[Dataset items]
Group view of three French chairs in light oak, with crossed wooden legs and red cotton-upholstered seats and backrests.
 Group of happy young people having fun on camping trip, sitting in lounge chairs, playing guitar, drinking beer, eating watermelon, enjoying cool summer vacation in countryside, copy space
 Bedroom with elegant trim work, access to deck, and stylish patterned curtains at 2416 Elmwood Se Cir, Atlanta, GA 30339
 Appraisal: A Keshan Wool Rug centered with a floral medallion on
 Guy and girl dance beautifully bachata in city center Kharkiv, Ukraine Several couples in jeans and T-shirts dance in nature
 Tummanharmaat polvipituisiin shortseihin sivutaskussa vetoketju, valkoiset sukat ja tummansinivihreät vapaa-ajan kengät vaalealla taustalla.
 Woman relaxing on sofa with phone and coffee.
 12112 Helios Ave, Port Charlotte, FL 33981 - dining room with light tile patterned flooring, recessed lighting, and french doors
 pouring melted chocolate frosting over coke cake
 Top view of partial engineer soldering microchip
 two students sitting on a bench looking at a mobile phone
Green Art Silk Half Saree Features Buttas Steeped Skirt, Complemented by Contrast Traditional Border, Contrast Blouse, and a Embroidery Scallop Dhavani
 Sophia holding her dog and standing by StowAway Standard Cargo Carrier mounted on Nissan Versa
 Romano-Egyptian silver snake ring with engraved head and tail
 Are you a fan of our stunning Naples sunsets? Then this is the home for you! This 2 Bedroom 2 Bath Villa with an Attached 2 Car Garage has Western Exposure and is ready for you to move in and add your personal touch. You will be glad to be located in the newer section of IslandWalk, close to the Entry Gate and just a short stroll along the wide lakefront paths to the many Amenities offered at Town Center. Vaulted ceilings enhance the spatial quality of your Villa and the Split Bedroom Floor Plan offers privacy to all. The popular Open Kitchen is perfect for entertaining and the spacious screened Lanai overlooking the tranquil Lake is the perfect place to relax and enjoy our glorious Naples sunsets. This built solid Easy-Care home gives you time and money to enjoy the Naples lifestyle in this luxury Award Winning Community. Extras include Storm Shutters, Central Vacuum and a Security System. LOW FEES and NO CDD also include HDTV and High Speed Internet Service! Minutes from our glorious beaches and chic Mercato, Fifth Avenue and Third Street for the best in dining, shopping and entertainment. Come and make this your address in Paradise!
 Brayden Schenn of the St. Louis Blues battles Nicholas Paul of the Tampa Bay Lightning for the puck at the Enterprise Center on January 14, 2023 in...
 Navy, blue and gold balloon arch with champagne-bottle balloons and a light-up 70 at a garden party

_Exercise details_
Return the line that contains "Green Art Silk", along with every line after it in the data above, exactly and with nothing else.

_Finished exercise_
Green Art Silk Half Saree Features Buttas Steeped Skirt, Complemented by Contrast Traditional Border, Contrast Blouse, and a Embroidery Scallop Dhavani
 Sophia holding her dog and standing by StowAway Standard Cargo Carrier mounted on Nissan Versa
 Romano-Egyptian silver snake ring with engraved head and tail
 Are you a fan of our stunning Naples sunsets? Then this is the home for you! This 2 Bedroom 2 Bath Villa with an Attached 2 Car Garage has Western Exposure and is ready for you to move in and add your personal touch. You will be glad to be located in the newer section of IslandWalk, close to the Entry Gate and just a short stroll along the wide lakefront paths to the many Amenities offered at Town Center. Vaulted ceilings enhance the spatial quality of your Villa and the Split Bedroom Floor Plan offers privacy to all. The popular Open Kitchen is perfect for entertaining and the spacious screened Lanai overlooking the tranquil Lake is the perfect place to relax and enjoy our glorious Naples sunsets. This built solid Easy-Care home gives you time and money to enjoy the Naples lifestyle in this luxury Award Winning Community. Extras include Storm Shutters, Central Vacuum and a Security System. LOW FEES and NO CDD also include HDTV and High Speed Internet Service! Minutes from our glorious beaches and chic Mercato, Fifth Avenue and Third Street for the best in dining, shopping and entertainment. Come and make this your address in Paradise!
 Brayden Schenn of the St. Louis Blues battles Nicholas Paul of the Tampa Bay Lightning for the puck at the Enterprise Center on January 14, 2023 in...
 Navy, blue and gold balloon arch with champagne-bottle balloons and a light-up 70 at a garden party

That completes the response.